ASSIGNED TASK:
Omit all pictures and transcribe only the lines in the entries below that run from the line with "Top 10 Most Viewed YouTube Videos Ever" through the line with "Total Graph of Tweak O".

RECORDS SHOWN:
════════════════

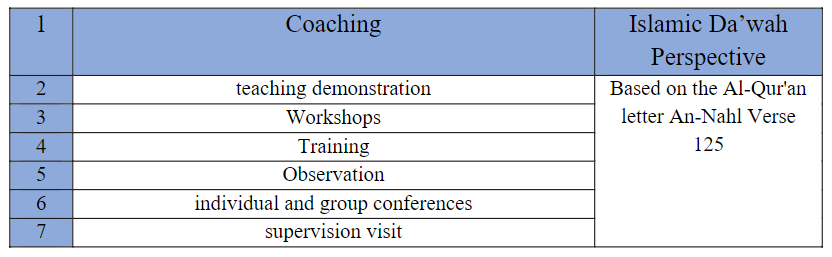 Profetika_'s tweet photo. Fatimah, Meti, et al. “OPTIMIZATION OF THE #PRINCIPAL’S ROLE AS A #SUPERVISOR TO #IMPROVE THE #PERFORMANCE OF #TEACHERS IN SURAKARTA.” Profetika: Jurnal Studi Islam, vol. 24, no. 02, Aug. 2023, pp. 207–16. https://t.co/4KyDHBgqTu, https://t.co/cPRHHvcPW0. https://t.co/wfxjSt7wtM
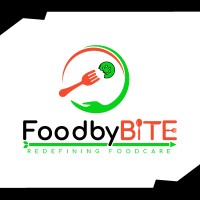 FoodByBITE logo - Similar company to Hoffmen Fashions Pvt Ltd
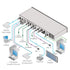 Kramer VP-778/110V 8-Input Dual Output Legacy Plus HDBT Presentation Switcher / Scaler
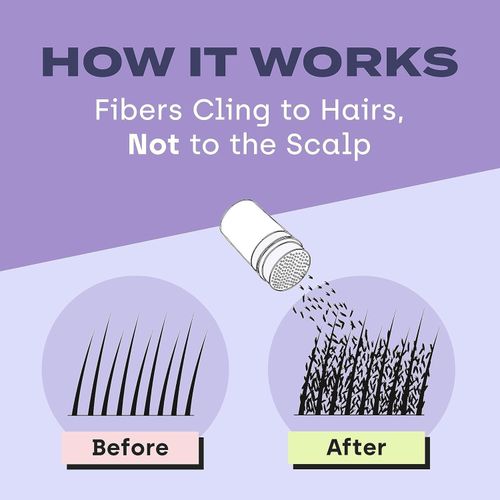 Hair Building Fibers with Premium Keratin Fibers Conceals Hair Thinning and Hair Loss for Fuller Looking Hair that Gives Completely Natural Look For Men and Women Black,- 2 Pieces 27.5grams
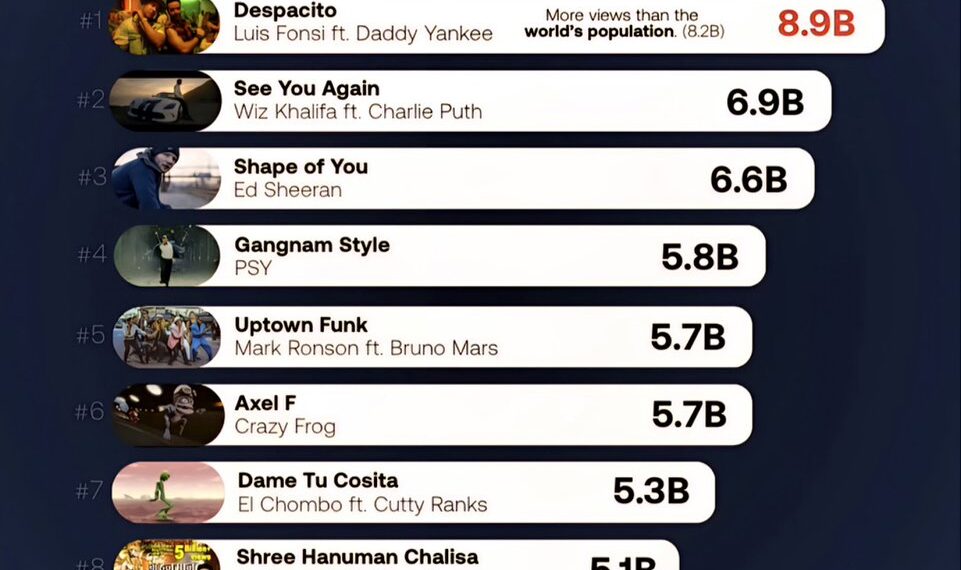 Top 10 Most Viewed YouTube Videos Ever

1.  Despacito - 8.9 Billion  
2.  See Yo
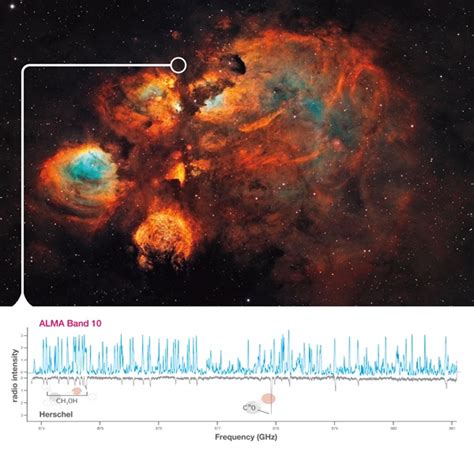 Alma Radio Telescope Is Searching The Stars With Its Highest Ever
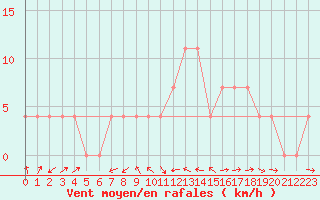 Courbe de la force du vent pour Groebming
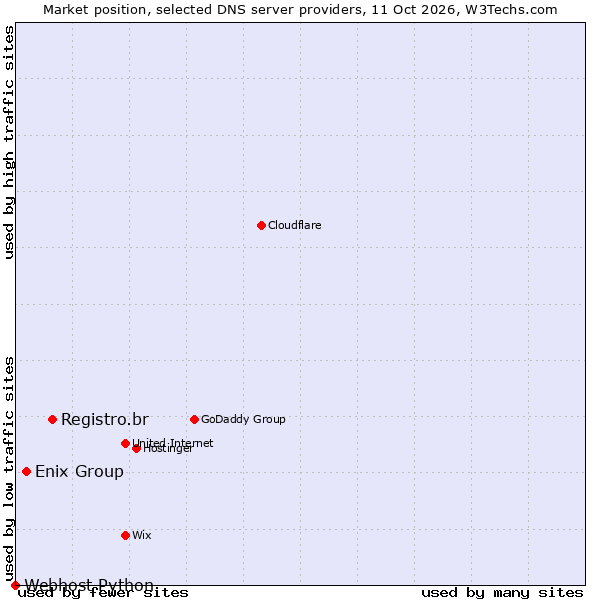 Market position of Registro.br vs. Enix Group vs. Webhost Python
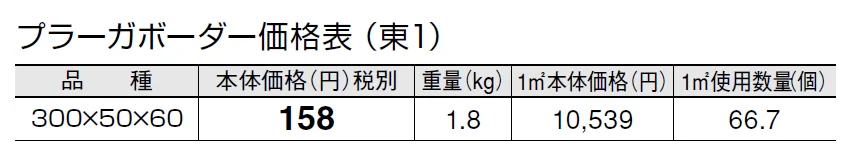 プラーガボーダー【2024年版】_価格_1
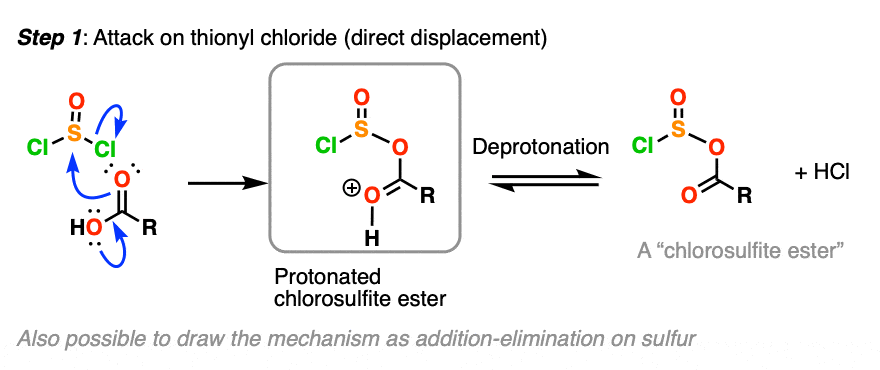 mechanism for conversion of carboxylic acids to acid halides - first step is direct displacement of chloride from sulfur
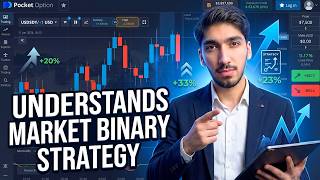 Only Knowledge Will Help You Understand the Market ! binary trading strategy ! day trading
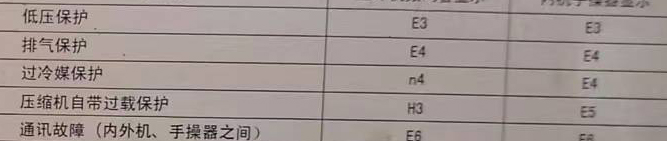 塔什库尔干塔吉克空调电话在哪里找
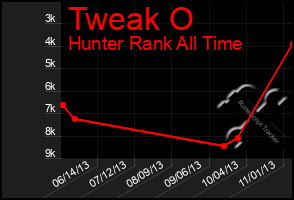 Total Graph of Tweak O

════════════════

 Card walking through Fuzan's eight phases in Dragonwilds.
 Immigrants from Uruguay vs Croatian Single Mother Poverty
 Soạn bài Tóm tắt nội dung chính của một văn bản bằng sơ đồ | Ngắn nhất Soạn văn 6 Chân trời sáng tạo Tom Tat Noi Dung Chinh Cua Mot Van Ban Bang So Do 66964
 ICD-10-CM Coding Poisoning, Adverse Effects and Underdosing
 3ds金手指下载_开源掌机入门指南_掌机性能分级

════════════════

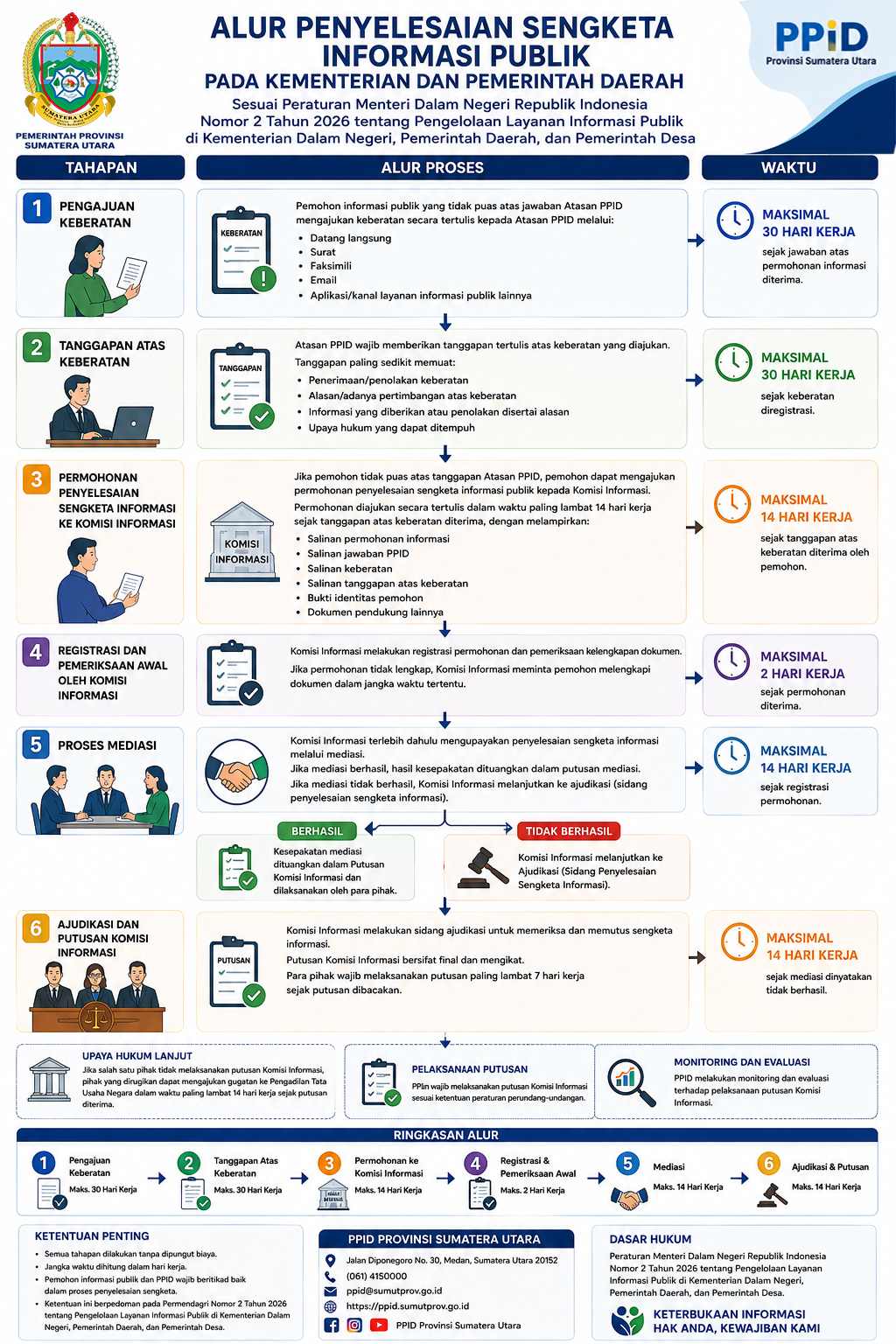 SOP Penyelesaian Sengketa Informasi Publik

════════════════

OUTPUT BELOW:
 Top 10 Most Viewed YouTube Videos Ever

1.  Despacito - 8.9 Billion  
2.  See Yo
 Alma Radio Telescope Is Searching The Stars With Its Highest Ever
 Courbe de la force du vent pour Groebming
 Market position of Registro.br vs. Enix Group vs. Webhost Python
 プラーガボーダー【2024年版】_価格_1
 mechanism for conversion of carboxylic acids to acid halides - first step is direct displacement of chloride from sulfur
 Only Knowledge Will Help You Understand the Market ! binary trading strategy ! day trading
 塔什库尔干塔吉克空调电话在哪里找
 Total Graph of Tweak O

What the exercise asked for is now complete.